--- AVAILABLE RECORDS Enclosed Below ---

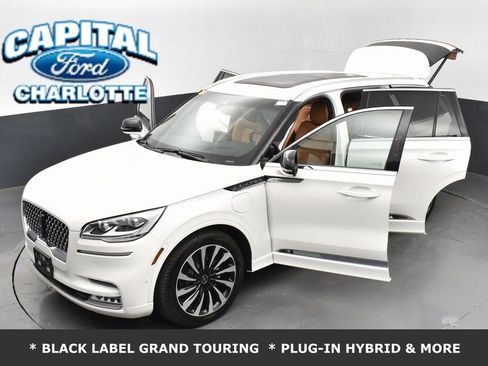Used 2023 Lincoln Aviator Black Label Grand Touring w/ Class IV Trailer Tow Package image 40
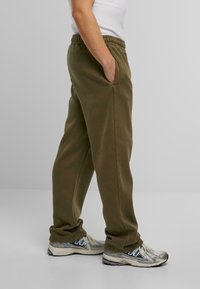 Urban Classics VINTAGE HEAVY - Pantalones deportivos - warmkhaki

--- End of Enclosed AVAILABLE RECORDS ---
--- AVAILABLE RECORDS Enclosed Below ---

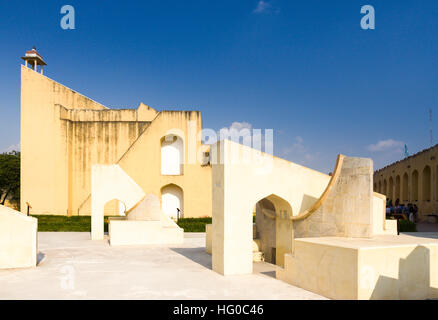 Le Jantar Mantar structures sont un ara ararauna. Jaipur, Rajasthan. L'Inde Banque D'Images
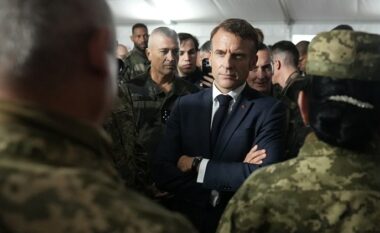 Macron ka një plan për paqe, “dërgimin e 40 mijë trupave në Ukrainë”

--- End of Enclosed AVAILABLE RECORDS ---

WHAT IS NEEDED: Leave out the images and write out the lines above exactly, from the one with "Used 2023 Lincoln" up to and including the one with "Urban Classics VINTAGE".

TASK OUTPUT:
Used 2023 Lincoln Aviator Black Label Grand Touring w/ Class IV Trailer Tow Package image 40
 Urban Classics VINTAGE HEAVY - Pantalones deportivos - warmkhaki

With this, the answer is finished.